## Task requirements
Below are the entries. Print only the lines starting at the one with "Куртка зимняя для" and ending at the one with "NWT Rare Anthropologie", exactly, with no pictures.

## Materials provided
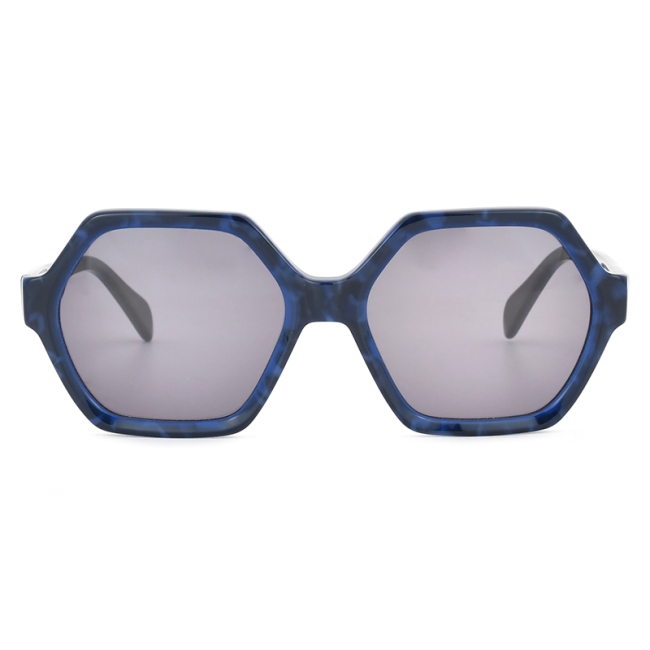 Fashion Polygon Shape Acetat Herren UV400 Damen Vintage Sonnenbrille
...
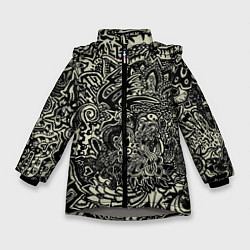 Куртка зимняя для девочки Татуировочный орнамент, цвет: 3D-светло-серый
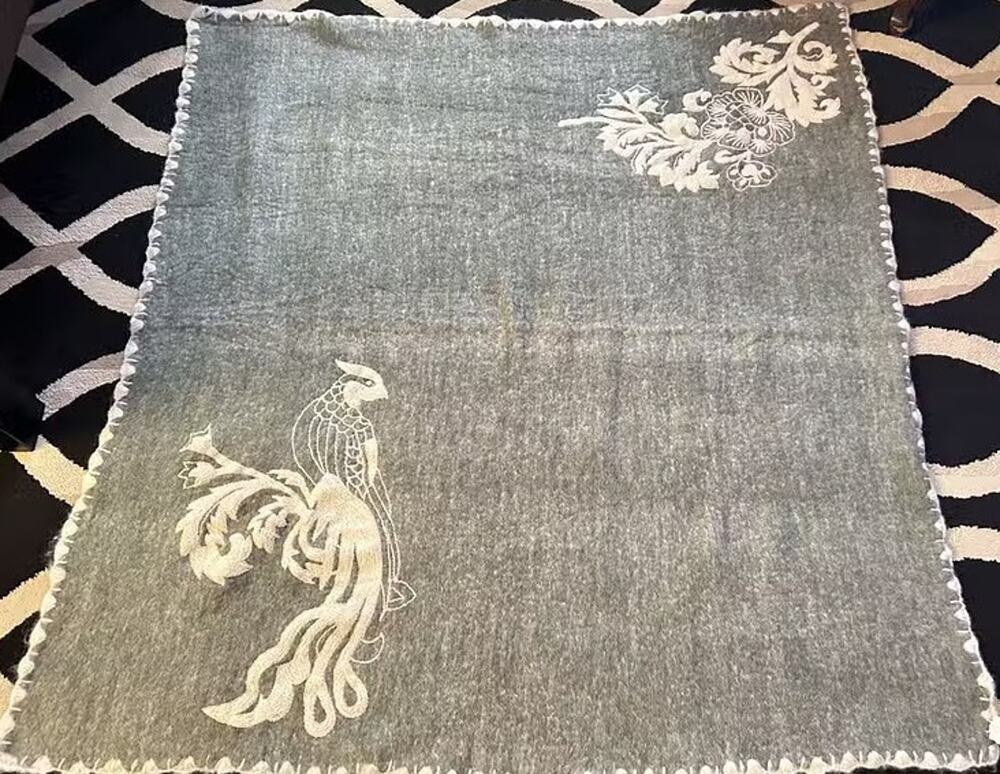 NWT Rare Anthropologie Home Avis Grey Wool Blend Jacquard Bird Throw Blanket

## Solution for this task
 Куртка зимняя для девочки Татуировочный орнамент, цвет: 3D-светло-серый
 NWT Rare Anthropologie Home Avis Grey Wool Blend Jacquard Bird Throw Blanket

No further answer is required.